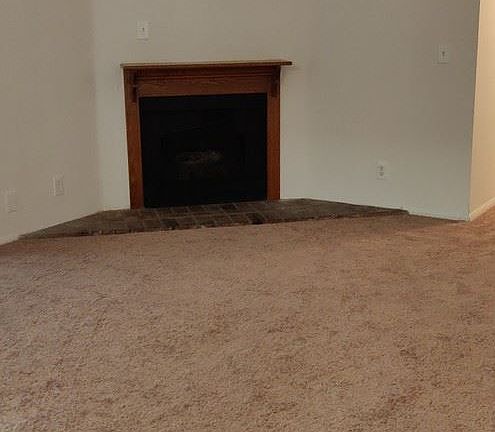 3rd image of 7249 Vassar Ave APT 101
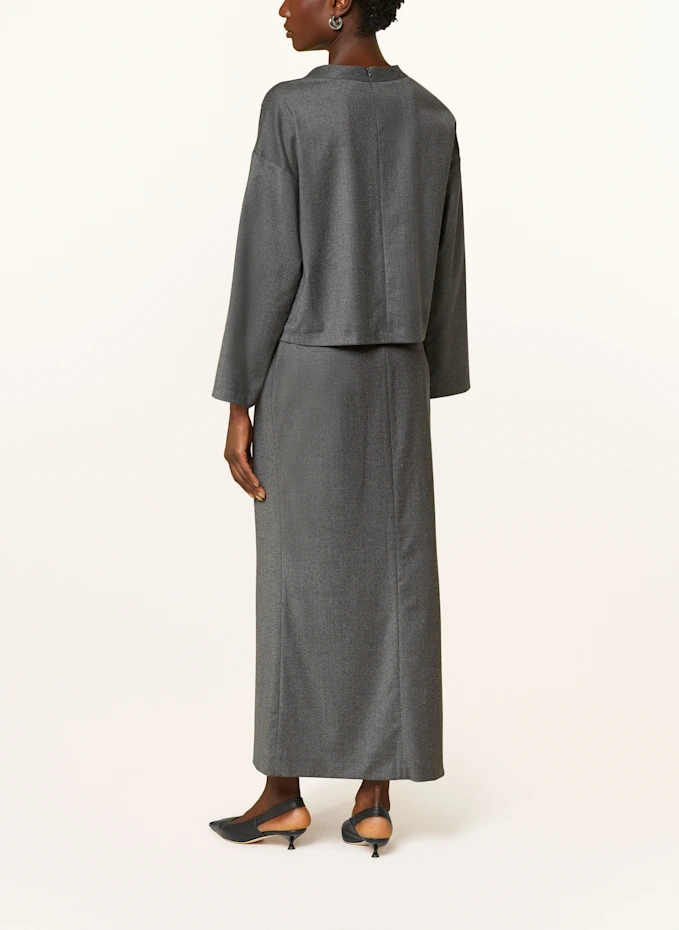 ANTONELLI Firenze Rock INDO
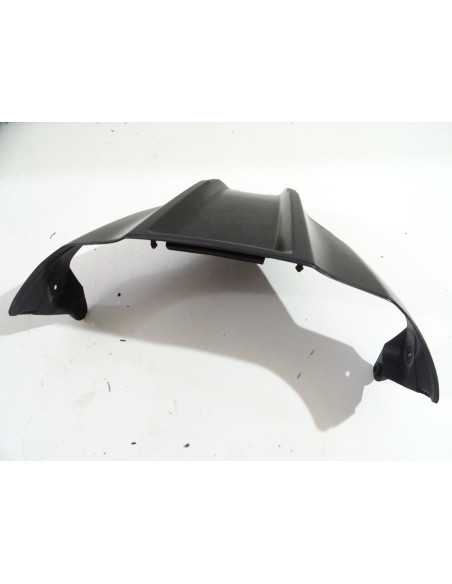 Couvre réservoir KAWASAKI ZX10R - 2011/2014 - 14092-0786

WHAT THE TASK ASKS:
Transcribe all of the data above exactly; no picture belongs in the copy.

TASK SOLUTION:
 3rd image of 7249 Vassar Ave APT 101
 ANTONELLI Firenze Rock INDO
 Couvre réservoir KAWASAKI ZX10R - 2011/2014 - 14092-0786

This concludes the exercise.